Paddling school kids



We heard an interesting interview on KUAR yesterday with the Murfreesboro school superintendent about the buttocks-bruising paddling of a 12-year-old there. She defended the beating as falling within school guidelines. But KUAR reports that a battery charge has been filed against the coach who administered it.

Meanwhile, circulating on the Internet is a letter to the Nashville newspaper about the paddling, also discussed here recently. The letter is from a Colorado resident who attended Pulaski County schools. Her letter:

Letter to writer John Balch of the Nashville Leader about the
Murfreesboro school paddling incident
By Barbara Neff, November 22, 2006

Hello, Mr. Balch.

Your article concerning Coach Davey Jones of Murfreesboro Schools striking a child on the buttocks with a board so hard the child suffered bruises is circulating the internet.

My personal hope is the family of the boy will prevail in the courts. However, experience has shown this to be unlikely in states such as Arkansas, where the striking of children by adults in schools is widely sanctioned legally and culturally.

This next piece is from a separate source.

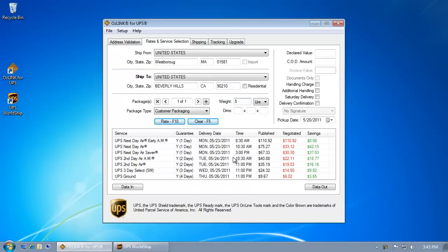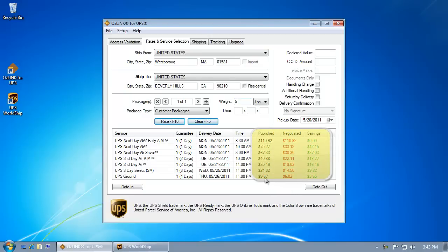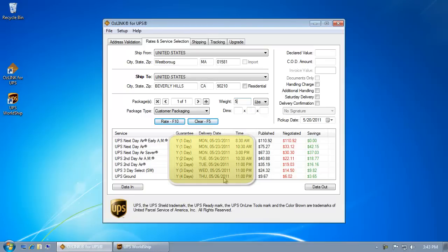You'll notice in the results here that it's going to show me not only the shipping cost for my account-based rates and the published UPS shipping cost, but also some time and transit information — including number of days in transit, delivery date, and delivery time.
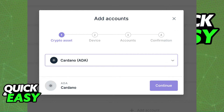After you install the app, add a new Cardano account by clicking on Accounts at the left-sided panel and selecting Add Account. You can then select Cardano as a crypto asset and set up a Cardano account.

Though the use of violent forms of "discipline" in your schools is shocking and sad, the saddest facet of this primitive practice is the failure of leaders to recognize the damage done to children. Responsible adults lead by example. Responsible adults teach children violence is never an acceptable means of conflict resolution. Responsible, compassionate parents and educators know the risk of damage to a child's self esteem outweighs any potential benefit from short term manipulation of a child's behavior through the use of fear, pain, bullying.

I attended Pulaski County (Arkansas) Public Schools in the sixties and seventies. Painful memories of teachers and coaches striking children, and preying on them in a variety of other ways, remain. At my thirty year reunion recently a former football player talked of being struck with a board on the buttocks so hard by a coach at our school he was bruised. Tears welled in this man's eyes as he spoke of his humiliation and how he struggled to cope as a teen with a brave face. This man, now fifty years old, is haunted by the brutal treatment.

Violence begets violence, Mr. Balch. How can we be so slow to catch on?

Thank you for your fine article. I hope you will continue to cover development of events surrounding the battering of the boy by Coach Davey Jones. Chances are, unfortunately, it will be the child who suffers ongoing indignities. He (and his family) will likely receive little support. The boy will likely be subjected to ridicule, labeled a "trouble-maker" and worse. My heart breaks for him. Will you find it in your heart to call for support for him within your community?